We’ve done a lot of talking and self-reflecting and evaluating about ourselves and our marriage and have realized that communicating expectations with each other leading up to holidays is SO valuable and truly makes THE difference in a happy day vs one that ends in disappointment, frustration, tears, bitterness, or anger.
Set Aside Time in Advance to Think Through Expectations
This sounds super simple but it really isn’t.
In our busy lives, it’s EASY to forget to sit down and truly THINK about what WE want and what WE expect.
Stop and think.
Heck, we’ve been living in quarantine where life is WAY less busy than it EVER has been yet I still dropped the ball and forgot to take time out to truly think through Mother’s Day and how I wanted to celebrate the day together.
As a mom our minds are always working. Even if life isn’t as busy, our mental load never stops.
It can feel selfish and even uncomfortable to allow ourselves just to reflect and consider how WE would like to spend a holiday. But it’s a very healthy practice that benefits EVERYONE involved!
What I have found works well for me is to visualize the holiday. What do I picture?
What are we doing together? Where are we celebrating? What sort of gift am I receiving? How is it presented?
Having a daydream allows our minds to work effortlessly and to just know our true hearts and see them reflected a little clearer.
Do Not Feel Guilt About Expectations
As I previously mentioned – we ALL come from totally different backgrounds and experiences.
We are ALL going to value different things. And that is OKAY.
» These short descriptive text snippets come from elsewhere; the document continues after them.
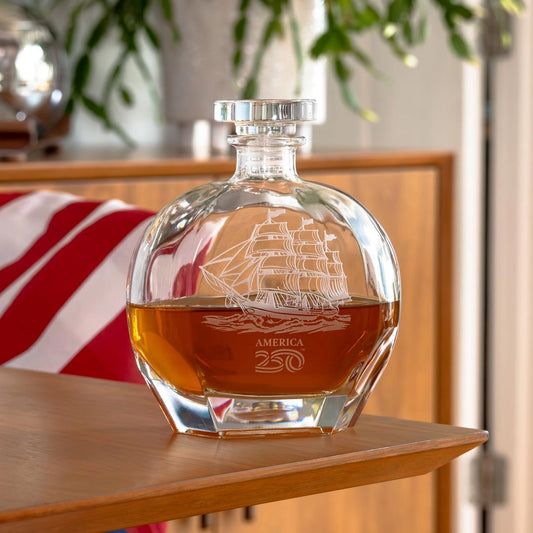 Glass decanter with ship engraving on a wooden surface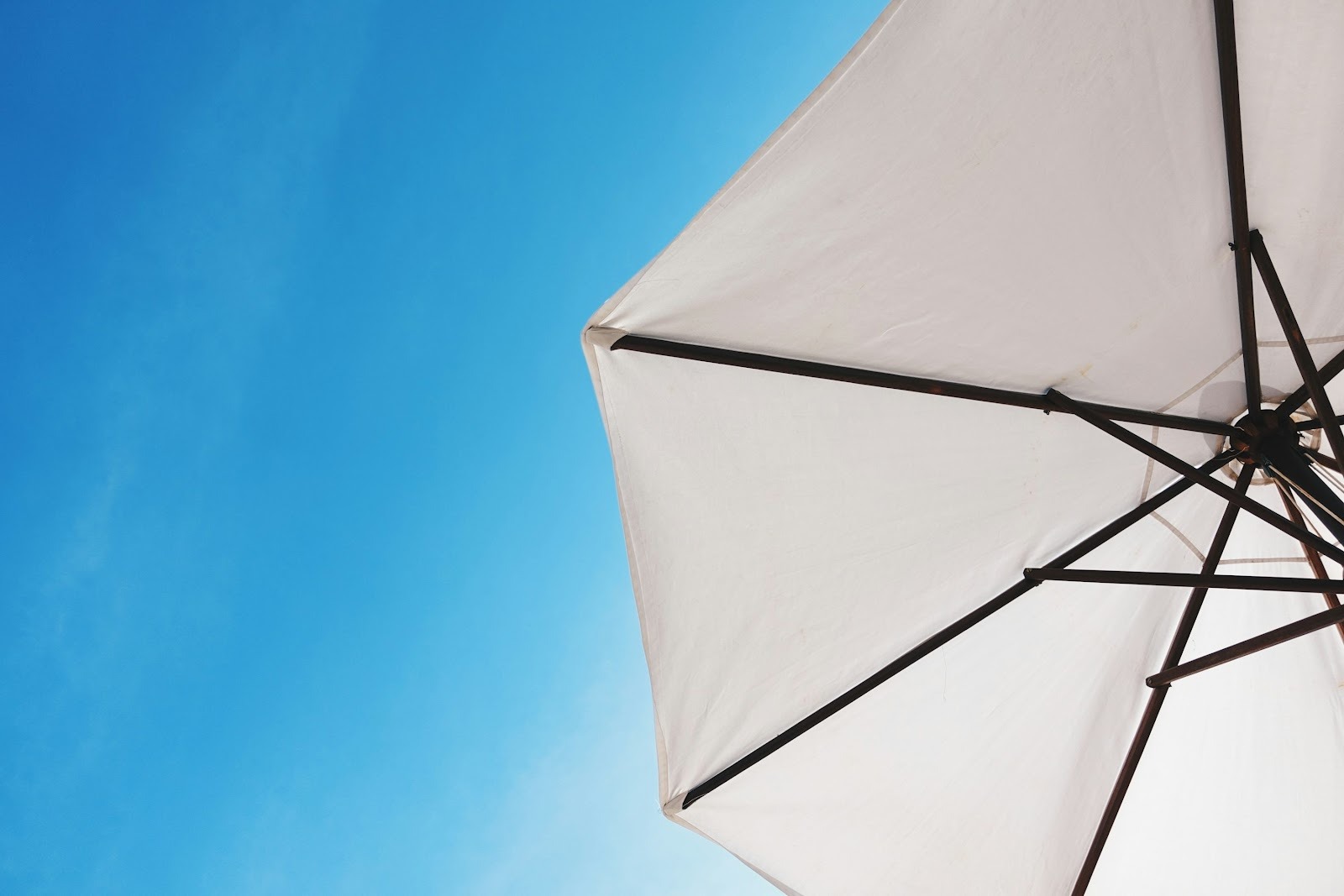 a sun parasol against blue sky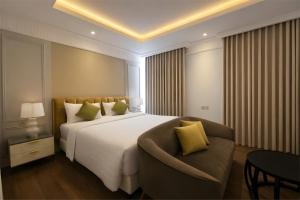 a bedroom with a large bed and a couch at Maia Hotel Jakarta in Jakarta +79 photos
DO NOT feel guilt over the “perfect day” you envision. Yes, you have to be realistic. Seeing yourself on a yacht when your budget is more like a rowboat isn’t practical. But you can take that perfect vision and adjust it to fit your dream.
Maybe instead of a yacht you go kayaking or have a picnic by the water.
Even small things that may seem a bit silly or trivial still matter. And, again, do not allow yourself to feel stupid for caring about them.
I personally do not love a homemade card from my husband. To me, it says “I forgot to buy one so I wrote some stuff down on a piece of paper.”
Growing up my family always bought really nice cards (Hallmark, of course) so having a store-bought card in my hands and knowing he took that time to choose it and read several of them to find one that said exactly how he feels means a lot to me.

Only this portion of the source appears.